Há, porém, mais de uma razão para urgência, por mais que violente o ritmo paquidérmico que o Ministério da Saúde tem como tradição (por falar nisso, a dengue de verão já começou; a atividade preventiva do ministério, não).
Há um número ignorado, mas por certo muito alto, de pessoas submetidas a providências e sofrimentos inúteis de sobrevida praticamente artificial, pacientes para os quais a medicina não pode oferecer mais do que isso mesmo. O final prolongadamente penoso que todos tememos e, em sadia consciência, a ninguém desejamos.
A possibilidade de evitar tais sofrimentos, a pacientes e a suas famílias, já exigiria ação pronta do governo. A par da lerdeza ou desatenção, no entanto, o governo agrava sua respon sabilidade por lhe caberem as medidas preliminares para proteger de problemas legais, talvez graves, médicos e familiares passíveis da ação de advogados e parentes inescrupulosos. Da Ordem dos Advogados do Brasil-SP partiu, em vez de uma contribuição esclarecedora da diferença essencial entre eutanásia e a resolução do Conselho Federal de Medicina, uma advertência ameaçadora aos médicos e familiares de pacientes terminais: não estender o que reste de vida, mesmo que para poupar sofrimentos insolúveis, pode sujeitar a processos criminais.
O governo deve a decisão sobre o seu propósito de desobstruir, ou não, a via para a prática tranqüila da resolução do Conselho de Medicina. Se positiva, a decisão precisará resultar no encaminhamento dos meios mais rápidos de proporcionar segurança a médicos e familiares confrontados com o sofrimento inútil de pacientes.

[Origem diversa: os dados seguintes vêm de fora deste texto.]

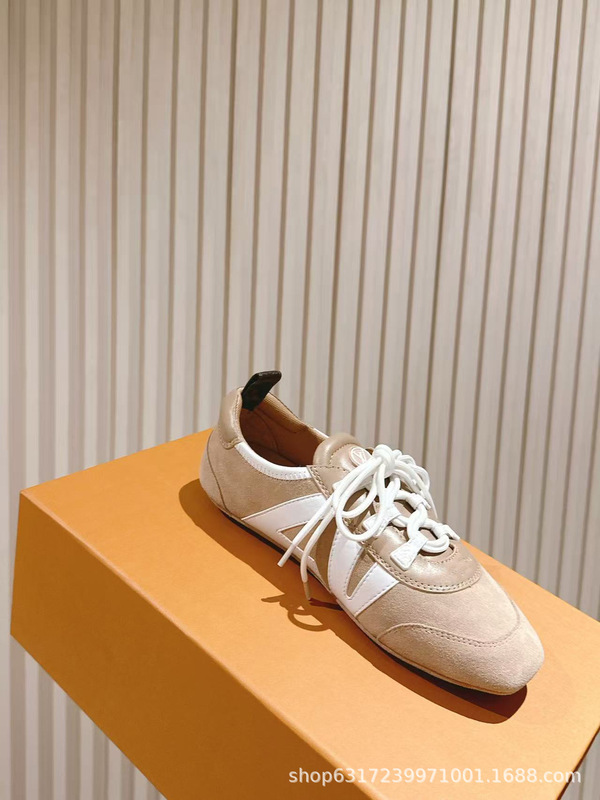 女性用の本革の最高級トレーニングシューズ、レトロな通勤用フラットスポーツカジュアルシューズ、スターの同じスタイルのフォレスト・ガンプシューズ|undefined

É notório que muitos médicos, por convicção humanitária e outras, já praticam o que agora se torna resolução. É provável que muitos outros decidam praticá-la, uma vez amparados pela resolução proveniente de estudos do seu Conselho. Como o assunto suscitou a possibilidade de processos e, com isso, por certo animou inescrupulosos caçadores de causas judiciais, é premente a orientação sobre quando e como os médicos e familiares podem proteger-se, inclusive documentalmente, nas aplicações da resolução.
Seja o que digam as leis atuais e representantes desta ou daquela seção da OAB, e seja o que o governo decida ou nem decida, uma certeza se tem desde sempre: a medicina não inclui, entre suas finalidades, os sofrimentos inúteis. Quem deseje preservá-los, deve inscrevê-los sob outro nome que não o de medicina.